Talamante's family moved from Mexicali to Gilroy when she was a child. She worked summers in the fields. San Jose State students helped her navigate college applications her parents hadn't known to expect, and she landed at UC Santa Cruz during the late 1960s — farmworker rights, Vietnam protests, the Chicano movement. After fieldwork with indigenous communities in Chiapas, she followed a group of Argentine activists to Buenos Aires and joined the Juventud Peronista, working alongside a marginalized community on the city's outskirts.

In November 1974, the Isabel Perón government declared a state of siege. Talamante was detained leaving a gathering. "The first few days it was just interrogations and beatings and torture with electric shocks, and then finally being formally taken to prison, and that's where I spent 16 months," she told ABC7. Her family and Bay Area supporters organized the Olga Defense Committee, fundraising and lobbying members of Congress; she was released March 27, 1976.

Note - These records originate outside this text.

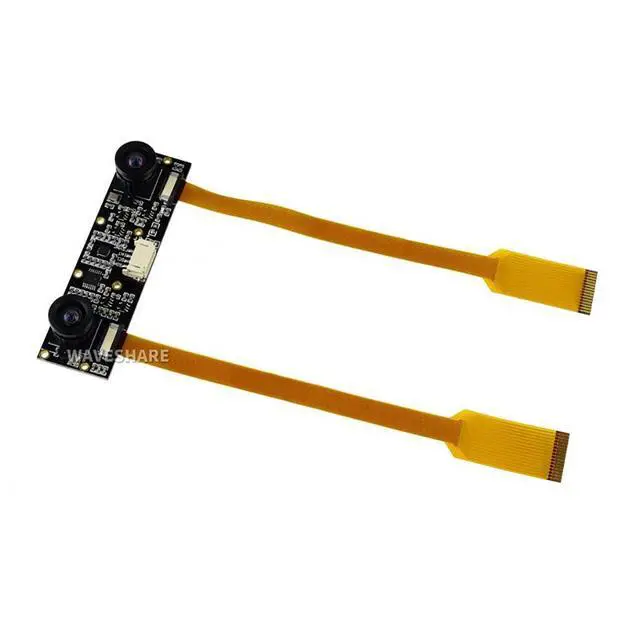 Alt view image 3 of 5 - IMX219-83 Stereo Camera, Dual 8MP Binocular Module for Raspberry Pi | Dual IMX219 camera for stereo vision, depth vision and AI vision projects, supports Jetson Nano, Orin NX and RDK boards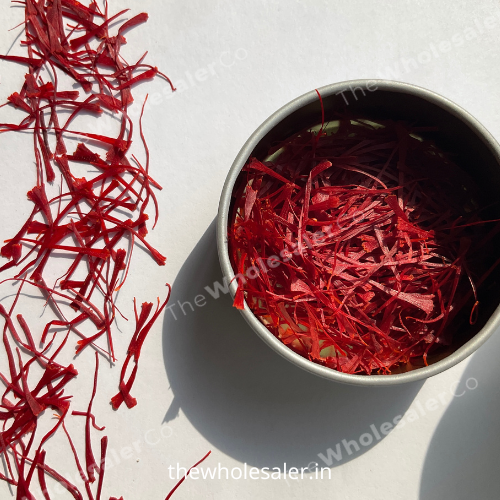 Pure Kashmiri Saffron - Kesar - Mongra - Premium (Grade A) - Crocus Sativus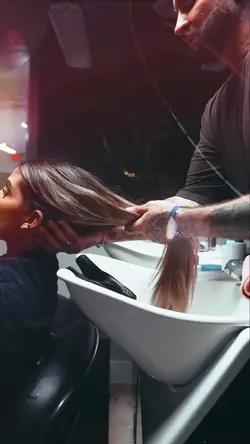 hair wash edit 🤩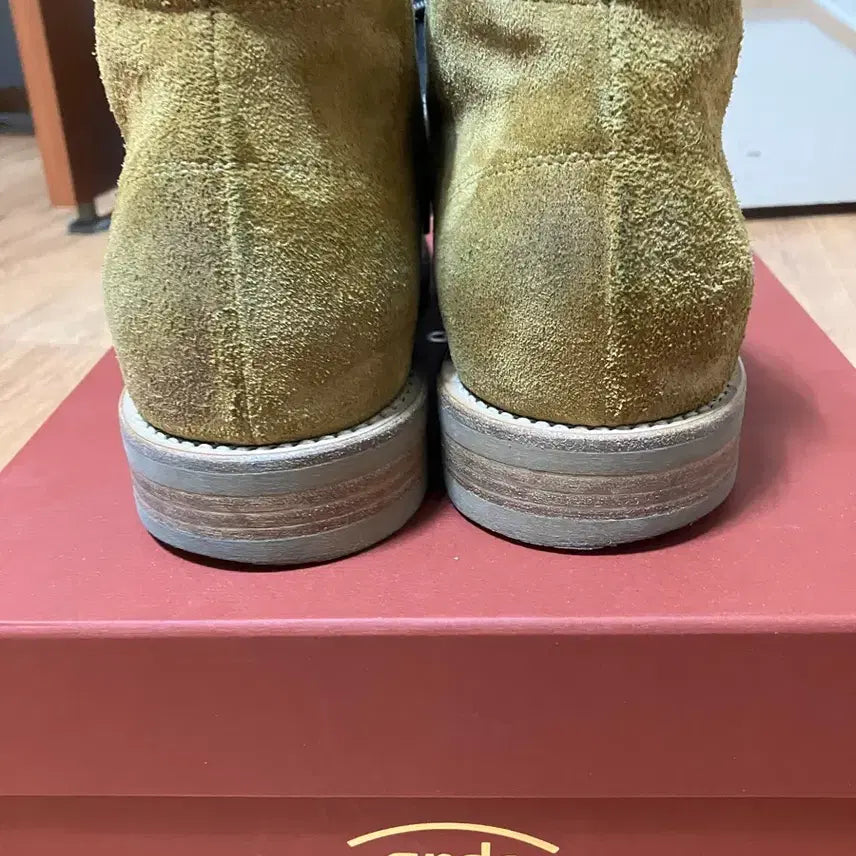 [BUNJANG] Gradus Boots 02 260 / 그라더스 부츠02 260 41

Back in the Bay Area, she became founding executive director of the Chicana-Latina Foundation, which provides scholarships and leadership training for Hispanic women, and later co-chaired the National Center for Lesbian Rights.

Lucero — a composer and librettist whose prior operas include Wuornos and Juana, trained at CalArts under Morton Subotnick — was commissioned by the classical ensemble Quinteto Latino to write a new work and chose Talamante as the subject. The title is a coinage. "I wanted something really strong that actually spoke about the Chicano movement and the fact that she's a woman and she's lesbian," Lucero told ABC7. "I can't think of anything stronger than this." ¡Chicanísima! premiered at Brava Main Stage in San Francisco on May 16, 2024, and sold out. The opera's cast Saturday features soprano Alexa Sessler, mezzo-soprano Jessica Gonzalez-Rodriguez, and tenor Sergio Gonzalez.

Opera Cultura, San Jose-based and the only Latinx professional opera company in the United States, is presenting the production. Talamante and Lucero will hold a Q&A after the 5:30 p.m. performance. Tickets start at $10; MACLA is a short walk from VTA Bus 68, and weekend parking in the lot at First St. and I-280 is free.